Filming parts of a script to show money people how it might look as a motion picture seems to be a clever new way of getting financing, but in this case it completely changed the Oscar dynamic for Whiplash, which is still reeling from the decision. And it could affect the race in different ways. If Whiplash is nominated for Adapted Screenplay on this technicality, which other deserving truly adapted script might lose out? And if Whiplash misses a nomination simply because enough voters who were sure it was original, like Gatins, don’t bother to check all the way down to the ‘W’s’ under Adapted Screenplays, won’t that be a shame for this little movie that could, shot in 19 days. It may be time for the Academy writers to further tweak their rules to reflect the realities of getting movies made today. Historically, the Adapted Screenplay category was created to honor writers who brought plays and books to the screen. It has gotten a lot more complex in recent years. But the question should be asked: What exactly are we adapting here?
“We submitted it as an original screenplay to the Writers Guild and the Academy because that made total sense to us,” Sony Pictures Classics co-president Michael Barker told me tonight as he returned from the New York Film Critics banquet. “Remember when we had Frozen River it was a similar situation. Whiplash has been accepted as an original by the WGA. Now the Academy have made this designation that it is in the adapted category and they are not obligated to tell either the writer or the company that has the film of the designation. So it’s a surprise to us. I wish I had more information. And they don’t really give you a reason. I wish the Academy could give an explanation.”
For their part, sources with knowledge of the situation at the Academy say there is simply no way, with nearly 300 scripts submitted each year, that they can contact each writer and company individually. And they maintain they have the right to make these designations based on their printed rules.
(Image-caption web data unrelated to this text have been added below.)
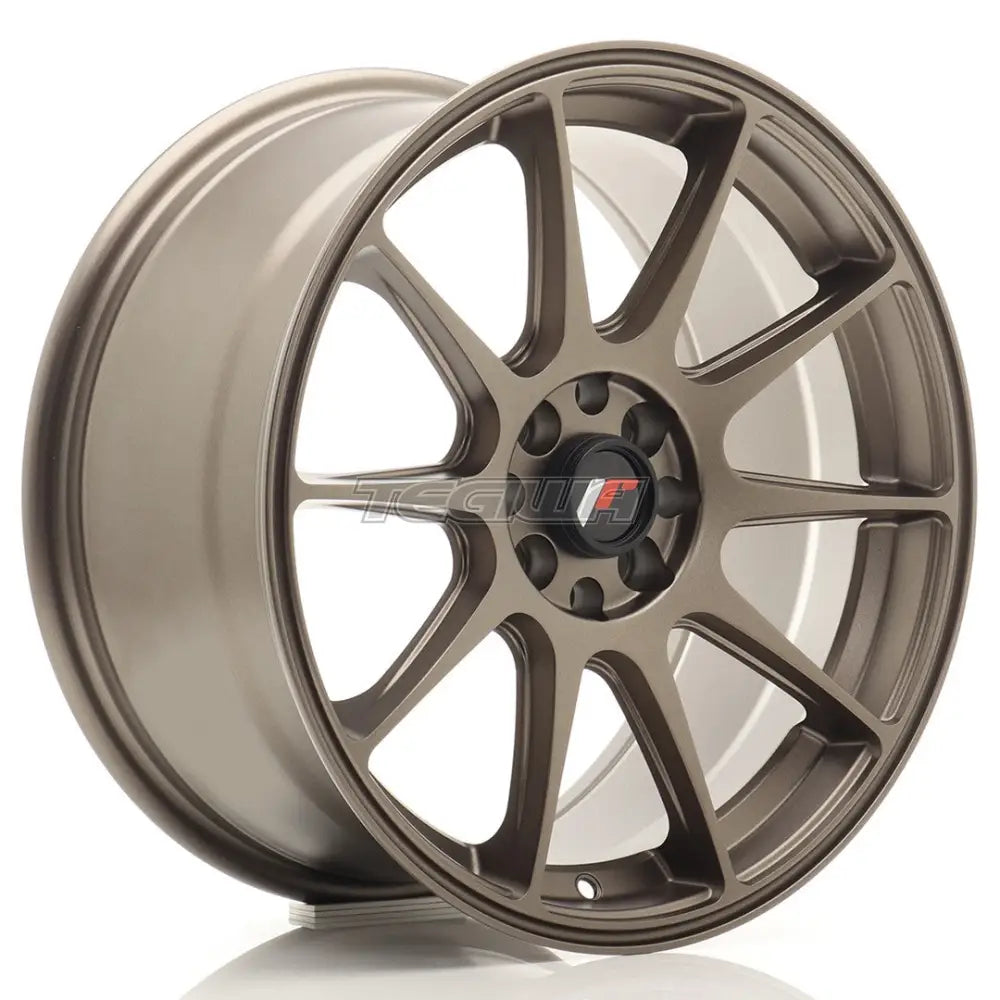 Japan Racing JR11 Alloy Wheel 17x8 ET25 4x100/108 Matt Bronze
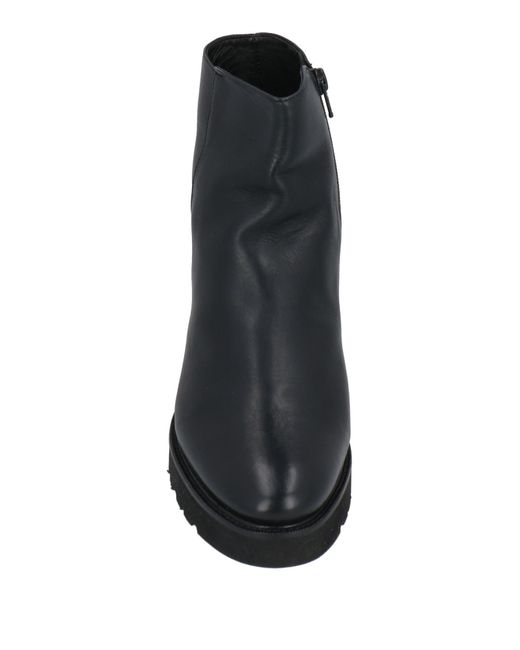 Luca Grossi Black Ankle Boots Leather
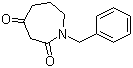 1-Benzyl-2,4-dioxohexahydroazepine molecular structure (CAS 99539-59-0)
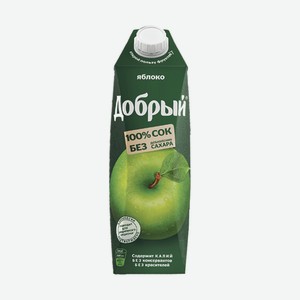 Сок Добрый 1л Яблоко Осветл. Ндс 10%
And unlike the arrangement the Academy has with the Producers Guild, which vets each eligible producer, they do not have the same agreement with the WGA , which steadfastly refuses to qualify scripts not made under the WGA’s contract.
Clearly though, Whiplash is an Original Screenplay and it would seem oddly off kilter if it does end up Oscar-nominated as an adaptation. When I moderated the Talking Pictures Q&A with its much awarded co-star J.K. Simmons at the Palm Springs Film Festival on Saturday, he confirmed just how it came about.
“Damien had written it as a feature,” he said. “When Jason Reitman and Helen Estabrook and others tried to get it produced he was shocked that nobody wanted to give him millions of dollars to make a movie about a drummer, so really as sort of a proof of concept to generate funding to make it as a feature, he distilled the first scene in the studio band where Andrew comes in and a chair is thrown and all that stuff happens. That was the short film that went to Sundance two years ago and won awards and got the interest going and the funding to make the feature. So it was originally a feature, then a short, then a feature again.”
Estabrook, one of the newly PGA-nominated producers of Whiplash, told me today she was also taken by surprise by this decision. “I’m so proud of the story of the making of this movie. We did a kind of exciting thing in that we had this great script, a full feature script which we all loved, and we thought, ‘How are we going to get this made in this climate where it’s hard to make these tiny little things?’,” she said. “So what we did was to do this scene to show what a great director Damien was in order to get the feature made. It was because how powerful we felt the screenplay was that we then did the short from that. I guess the disappointment for me is that it has become some idea that our movie was just some adaptation of a short into the feature, which is not true. We just wanted to show financiers what a genius Damien could be as a director.”